[Data extracted from a collection]
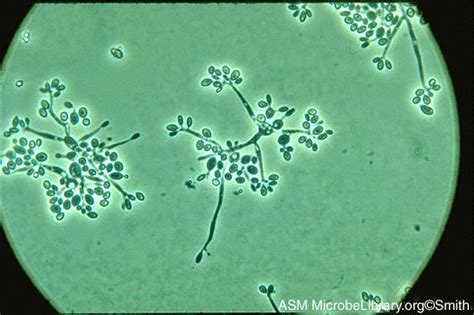 Authoritative facts from dermnet new zealand. Sporothrix Schenckii --etiologic agent of Sporotrichosis ...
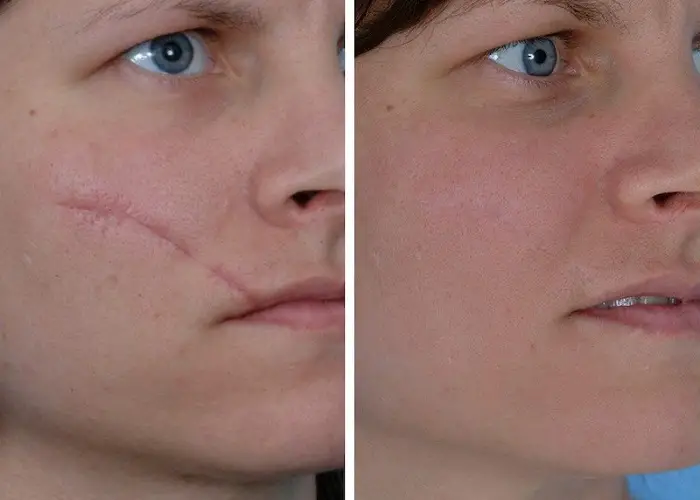 Laser scar removal before and after prictures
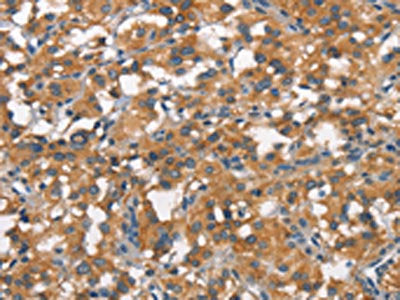 The image on the left is immunohistochemistry of paraffin-embedded Human thyroid cancer tissue using ALCAM Antibody(ALCAM Antibody) at dilution 1/25, on the right is treated with synthetic peptide. (Original magnification: ×200)Rabbit anti-Human ALCAM Polyclonal Antibody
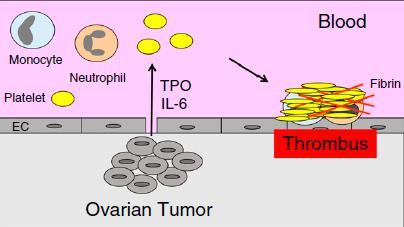 Cancer Type-specific Biomarkers TPO = thrombopoietin Thrombocytosis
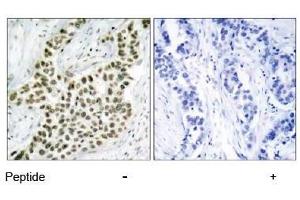 Image no. 3 for anti-H2A Histone Family, Member X (H2AFX) (Ser139) antibody (ABIN197524) (H2AFX antibody  (Ser139))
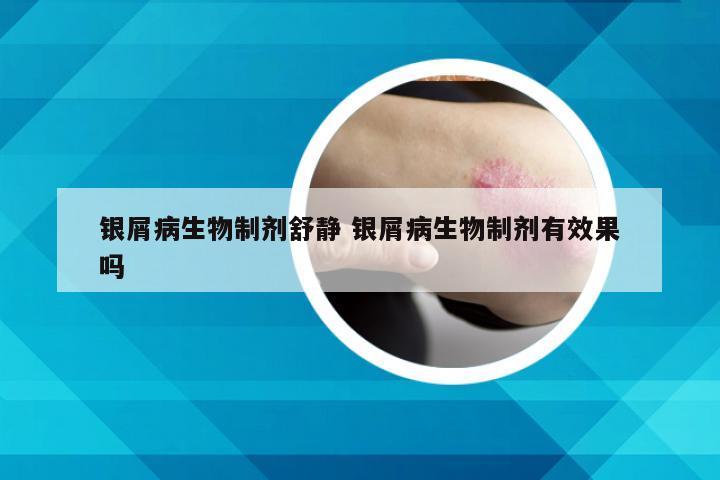 银屑病生物制剂舒静 银屑病生物制剂有效果吗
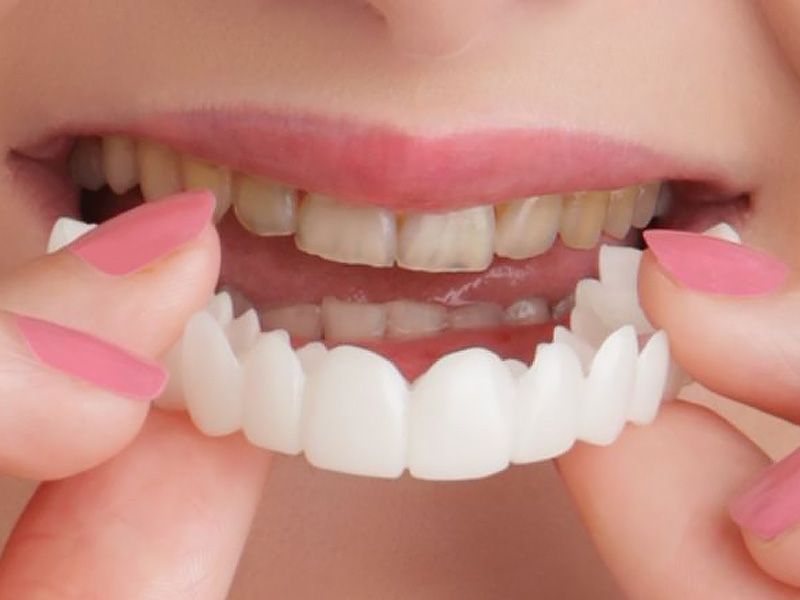 Snap-On Smile: All You Need to Know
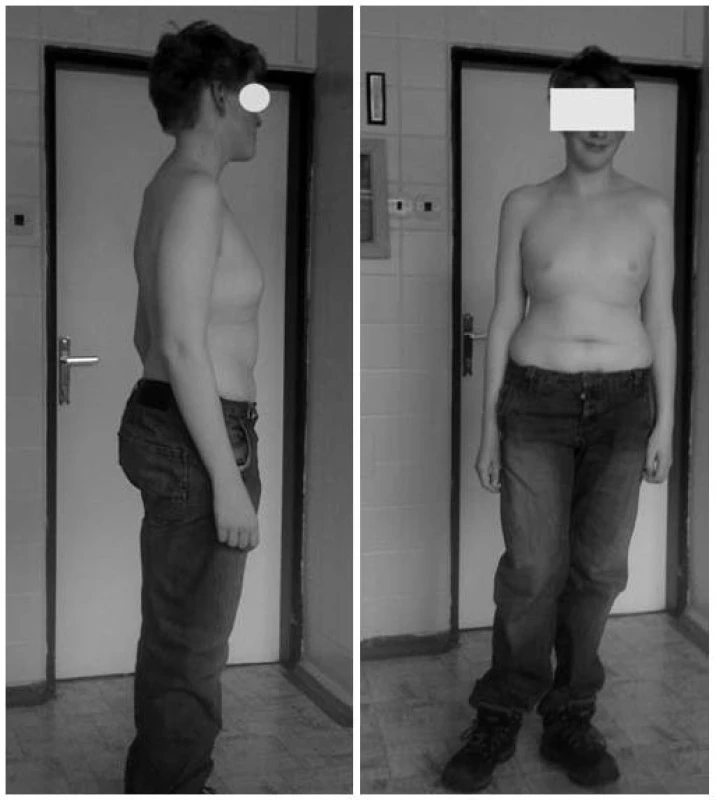 Postava chlapce po roce léčby.
Fig. 2. The figure of the boy after one year of treatment.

== Problem to solve ==
Word for word, repeat all of the entries above, leaving out the pictures.

== Result of this exercise ==
 Authoritative facts from dermnet new zealand. Sporothrix Schenckii --etiologic agent of Sporotrichosis ...
 Laser scar removal before and after prictures
 The image on the left is immunohistochemistry of paraffin-embedded Human thyroid cancer tissue using ALCAM Antibody(ALCAM Antibody) at dilution 1/25, on the right is treated with synthetic peptide. (Original magnification: ×200)Rabbit anti-Human ALCAM Polyclonal Antibody
 Cancer Type-specific Biomarkers TPO = thrombopoietin Thrombocytosis
 Image no. 3 for anti-H2A Histone Family, Member X (H2AFX) (Ser139) antibody (ABIN197524) (H2AFX antibody  (Ser139))
 银屑病生物制剂舒静 银屑病生物制剂有效果吗
 Snap-On Smile: All You Need to Know
 Postava chlapce po roce léčby.
Fig. 2. The figure of the boy after one year of treatment.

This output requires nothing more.